E então este clube faz cem anos, contingência inevitável para quem, mesmo endividado, não morre e a gente fica todo bobo, achando que o dia 4 de abril nos oferecerá vales onde correm o leite e o mel, com 11.000 virgens amorosas vertendo Baileys das tetas. Confesso que balancei quando meu sobrinho me convidou para ir ao jantar do centenário, mas recuei ao saber que custava R$ 200,00. Também não me entusiasmei pelos tais fogos — quase sempre fecho minhas noites de sextas-feiras em cinemas –, mas achei legal a coisa da caminhada até o Beira-rio no sábado, a tal Marcha do Centenário.
Fiquei indignado quando um pessoal aí, os quais são indiscutivelmente os maiores representantes das torcidas gaúchas (preciso indicar a ironia?), convidaram o prefeito gremista para a caminhada e ameaçaram até com a Yeda. Céus, que gente mais sem noção! Para que misturar a mais simples das comemorações – a procissão de colorados do incerto local onde o clube foi fundado até o Beira-Rio – com mais uma tentativa desesperada de manter a troca de favores com o poder? E eles seriam retaliados, vaiados, precisariam de seguranças. Nosso momento cívico ficaria uma merda.

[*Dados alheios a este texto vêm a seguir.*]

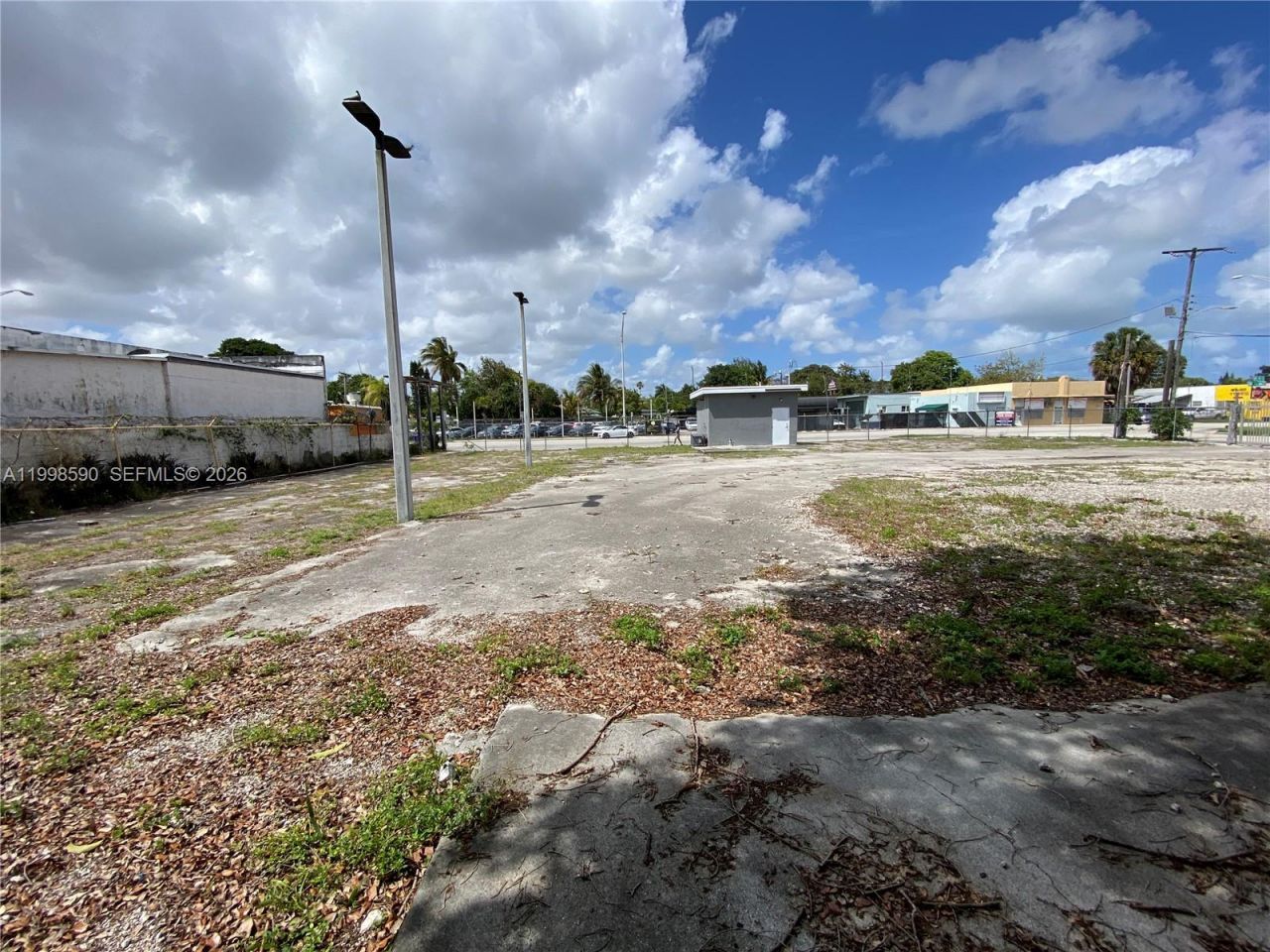 300 NW 79th St, Miami, FL 33150 Photo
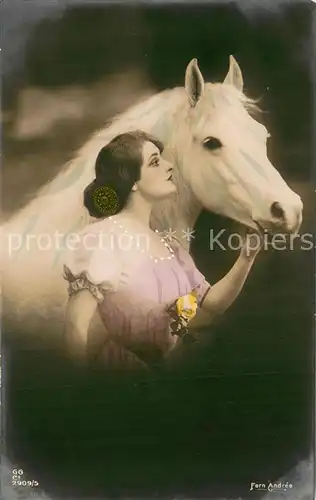 AK / Ansichtskarte 73807990 Verlag_GG_Co_Nr. Nr.2909 5 Frau mit Pferd 
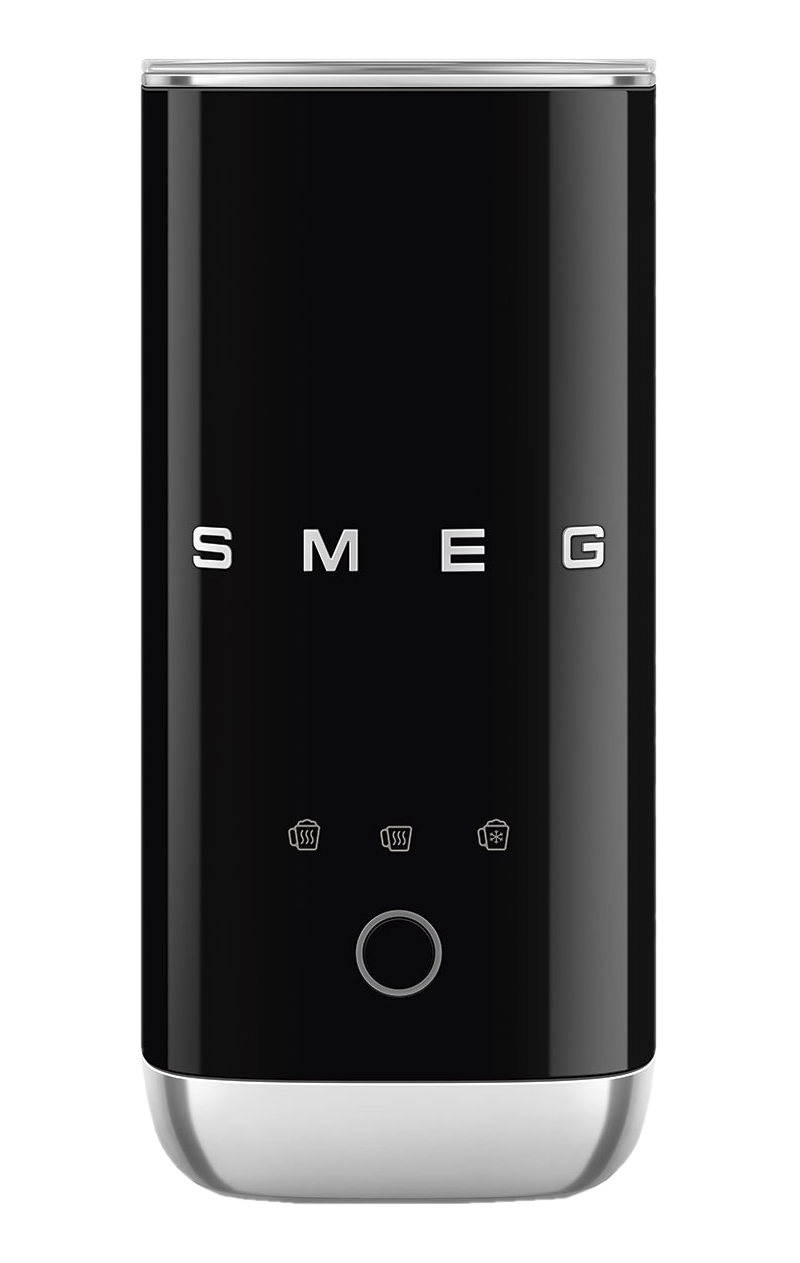 Montalatte Smeg nero. Ha una base argentata, il logo Smeg e pulsanti di controllo. C'è una linea argentata nella parte superiore.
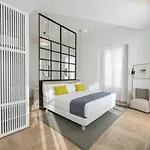 Myr Marques House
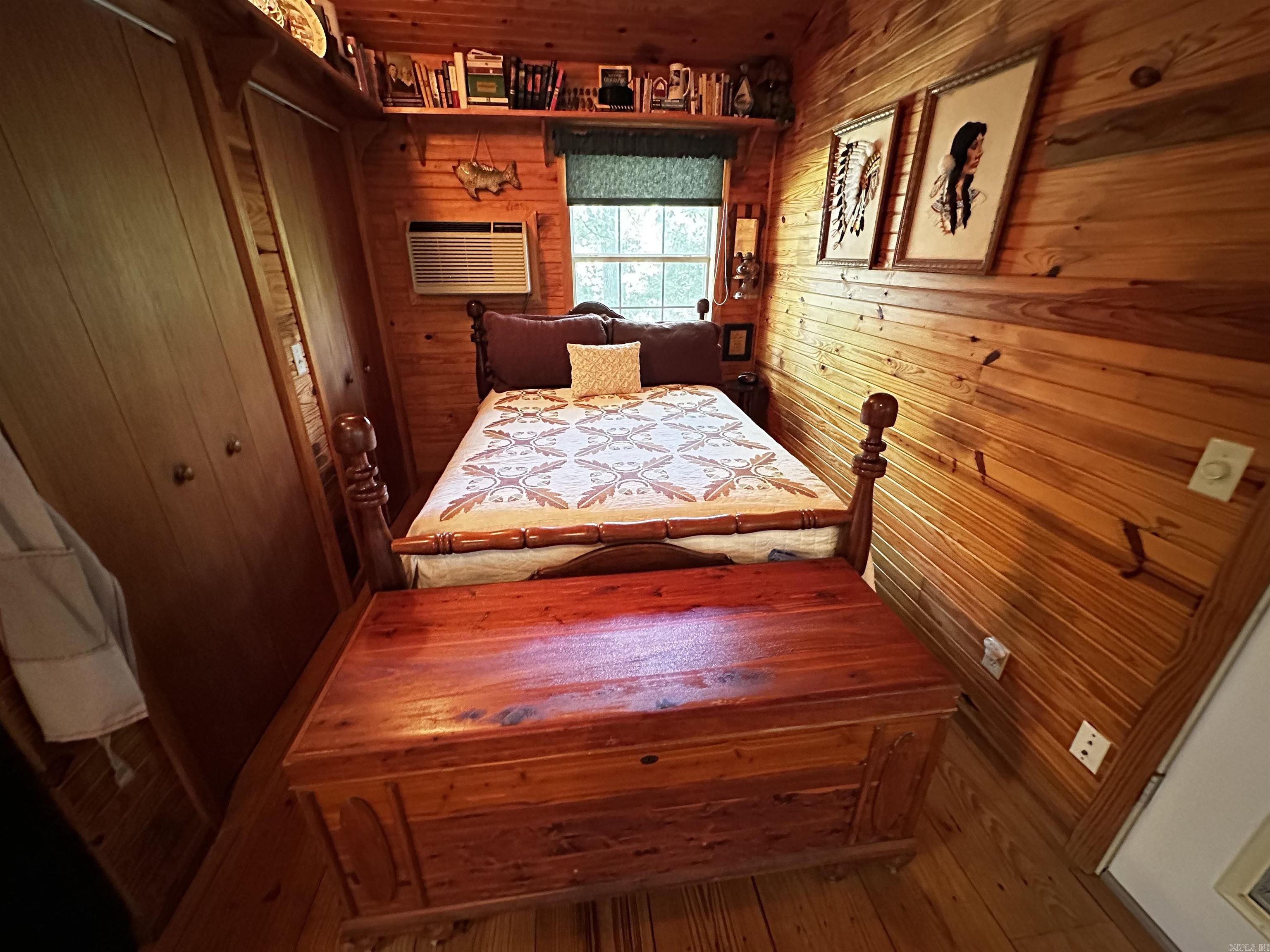 299 Buck Pond  Mountain View, AR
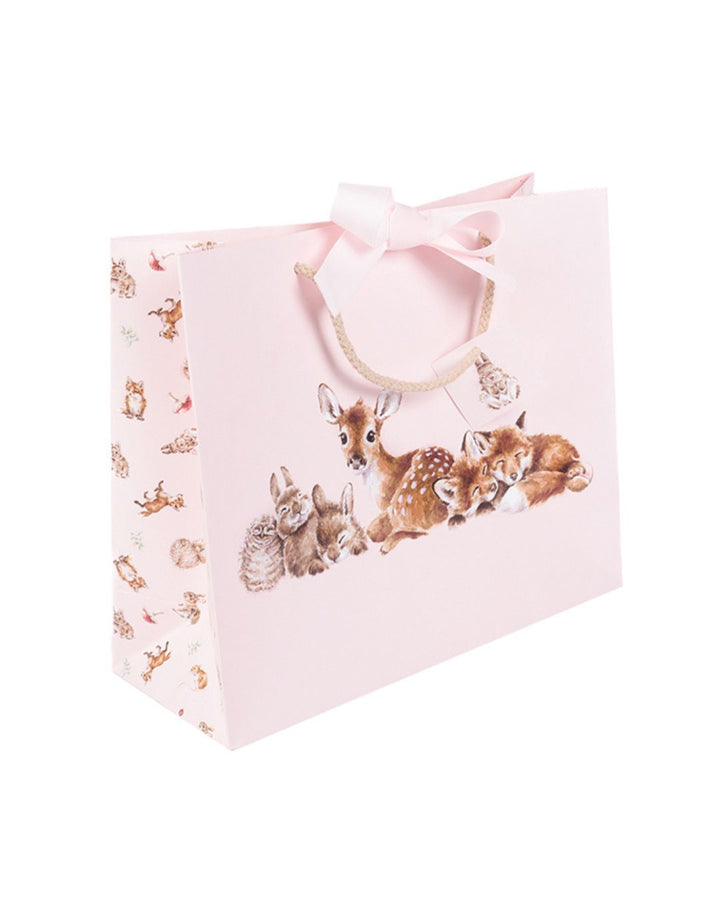 Geschenktasche in der Größe M mit Baby Waldtieren als Motiv von Wrendale Designs.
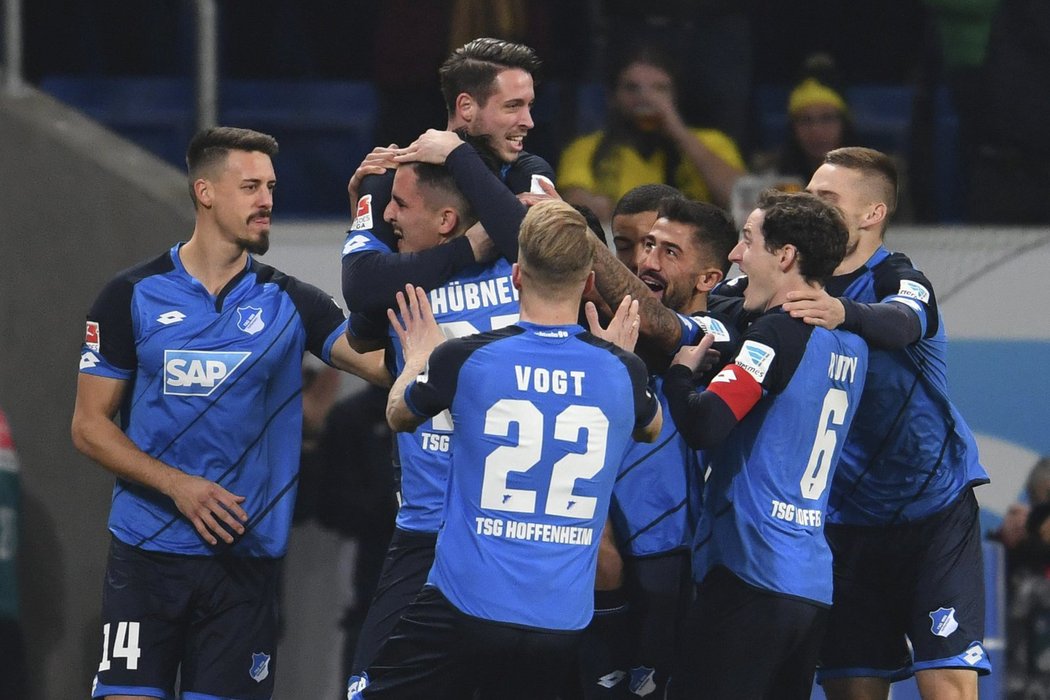 Radost hráčů Hoffenheimu po vstřelení branky do sítě Dortmundu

Sim, eu disse cívico, pois colorado é o que sou. Se habito fisicamente a Rua Gaurama, tenho uma segunda vida com endereço aqui; se tenho um telefone, também tenho e-mail; se sou Suda de modo geral, sou especificamente brasileiro; se tenho o futebol em minha vida interior — assim como tenho a Gaurama, o blog, o número do telefone, o endereço de e-mail, a Suda e o Brasil — esta se foca repetida e especificamente para o Inter. O Inter e seus grandes times moram em mim, completam um século neste sábado e é fato dos mais dignos de celebração que eu possa imaginar, mesmo que tenha achado todos os outros centenários (principalmente aquele) manifestações ridículas e sentimentalóides, sem intersecção com nosso centenário. Não tinha pensado nisso, mas devo me comover na caminhada. Afinal, ninguém consegue ser crítico de si mesmo e o Inter, sei, sou eu.